Tools and methods are available for analyzing health and equity risks and benefits associated with policies implemented across and within different sectors (such as “health in all policies” and health impact assessment) and to review specific determinants (such as gender assessments and audits and gender responsive planning and budgeting).

CASE
STUDY

Chile’s Crece Contigo Programme: A case study on effectively using multisectoral action to improve early childhood development

Chile is a middle-income country with low infant mortality (8.3 per 1000 live births) and broad health coverage, but Chile still faces important inequities in education, wealth distribution and health. In the 1990s, with sustained political commitment to equity, Chile began to strengthen social policies to address inequities in living conditions of the people. In that decade, specific equity-oriented programmes on education, health and housing proliferated, but programmes were often limited to their own sector and missed opportunities to harmonize and augment other programmes. By the 2000s, Chile recognized the need for a multisectoral action to effectively tackle complex social and health inequities. New policy strategies maintained the explicit focus on equity and prioritized expanding the sectors that needed to participate in social interventions; the President lent strong political support to this work. At the same time, in 2005, Chile underwent health system reform. The shift in policy focus from the 1990s to the 2000s, the explicit policy focus on equity and health system reform effectively set the stage for the landmark social protection system to foster early childhood development, Chile Crece Contigo (ChCC).
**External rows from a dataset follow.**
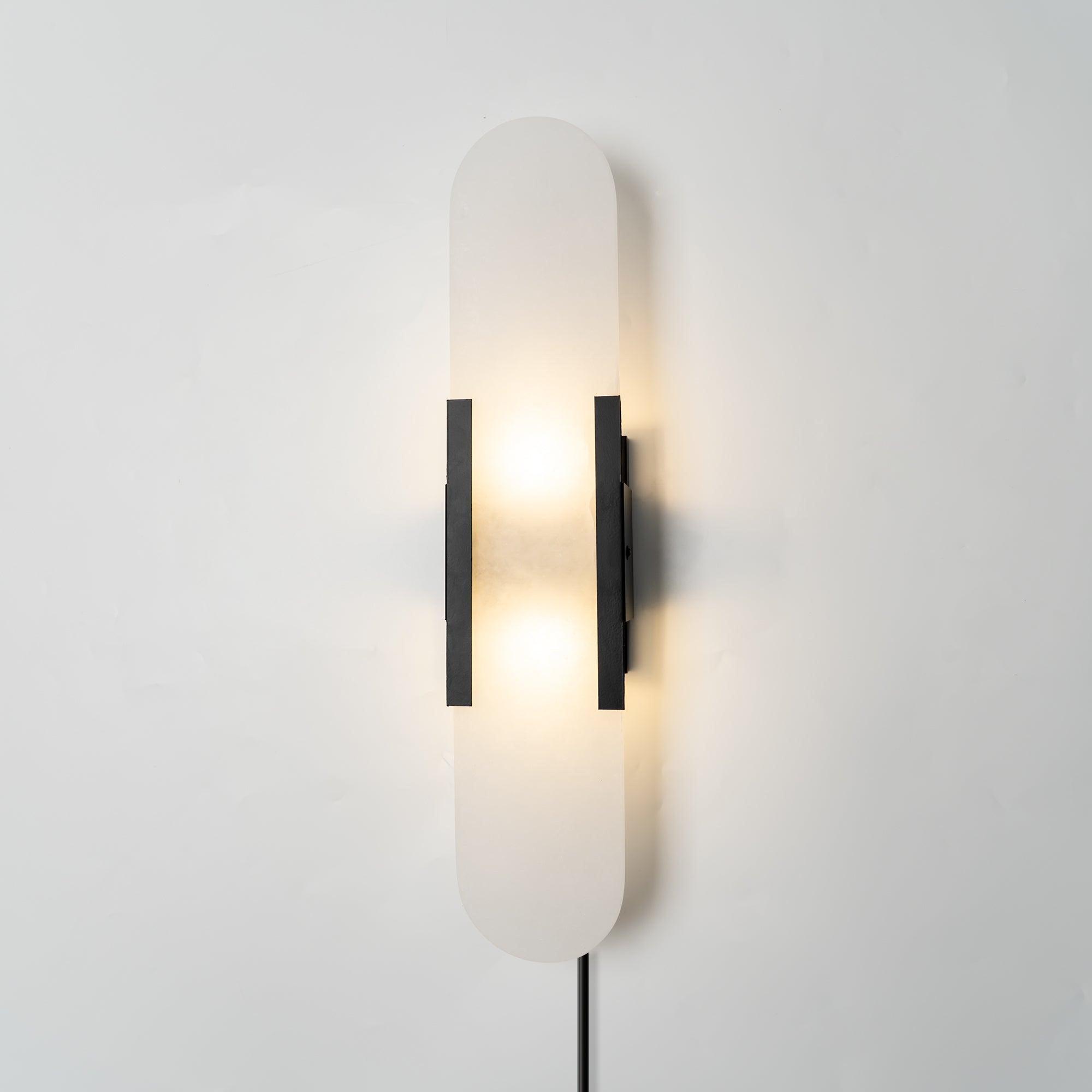 Melange Elongated Alabaster Plug-In Wall Light, Plug-In Wall Sconce, detail 25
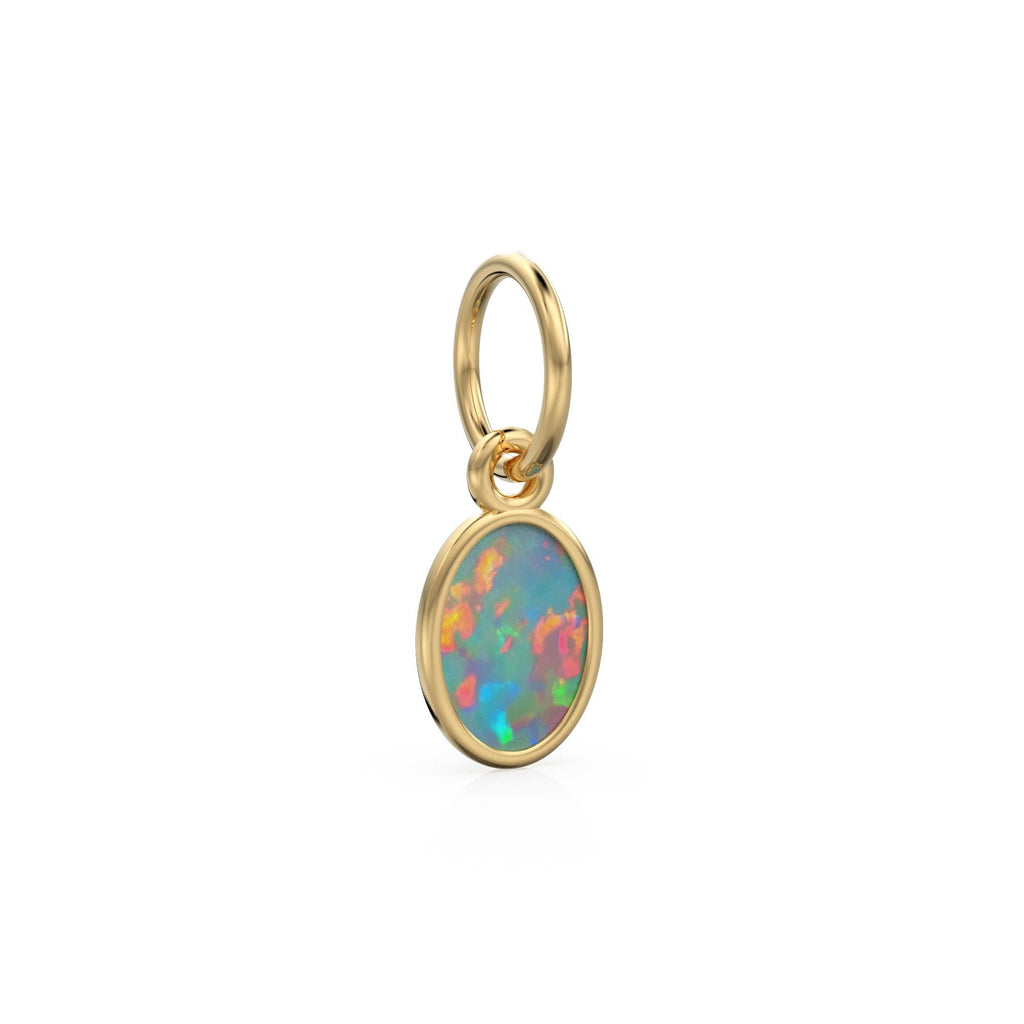 Ethiopian Opal Oval Cabochon Solid Gold Charm / Rainbow Fire Gemstone Handmade Gold Pendant / 14k Solid Yellow Gold Jewelry Making Finding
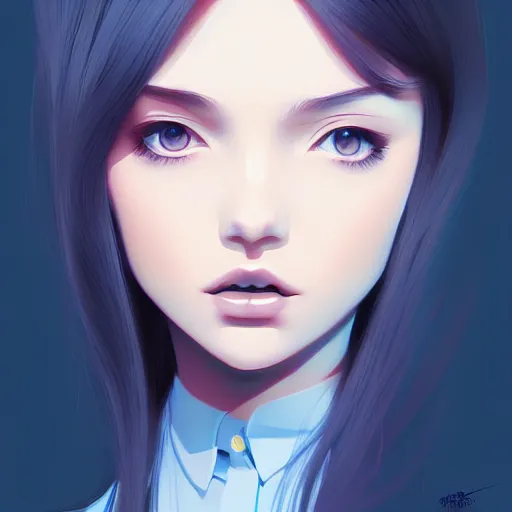 Image similar to urban high school girl in shirt fanart, dark blue long hair, muted colors, matte print, pastel colors, ornate, digital art, digital painting, fan art, elegant, artstation, by Ilya Kuvshinov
ChCC is a human rights- and evidence-based social protection system aimed at eliminating socioeconomic differences between children from gestation through pre-kindergarten. From its start, a presidential council sought regional, national and international input from experts, civil society and community actors across sectors. By 2007, new initiatives were introduced, providing universal access to parental protection, nursery and pre-school, improved prenatal care, birth with paternal participation and improved well child care, all with added support for vulnerable families.

This ambitious agenda was feasible only through multisectoral action: The first stage of implementation began with creating a Coordinating Team (part of the Social Determinants of Health and Health Equity Secretariat) within the Ministry of Health. ChCC continues to be characterized by close collaboration between the Ministries of Planning and Health, sustained political support and municipal implementation through local inter-sectoral networks. Specifically, in 2009, ChCC was made mandatory in all municipalities. An accompanying decree established a Committee of Nine Ministers, including the Ministers of Planning, Health, Education, Justice, Women’s National Service, Finance, Presidency, Labor and Housing. The national technical committee was expanded to include all public services related to children, and a permanent working group was established. Implementation at the Regional level is coordinated by a Regional Cabinet and led by the Regional Ministerial Secretary of Planning, while the Director of each municipal Health Service Unit serves as territorial manager of the Local Intervention Network (the primary care center serves as the entry point for families).

The Registry Monitoring and Reference System (SDRM) was established with participation of all sectors in order to monitor and evaluate every child from entry in prenatal care to four years of age, measuring process, intermediate results and impact. SDRM’s software is accessible to all actors linked to the programme, facilitating immediate access to benefits. Since its inception, more than 650,000 pregnant women entered into ChCC, and in 2012, more than 638,000 home visits were made to vulnerable families. Since 2009, every child born in Chile receives a set of basic childcare aids. In response to its own aspirations for child development, Uruguay launched Uruguay Crece Contigo in 2012, modeled after ChCC.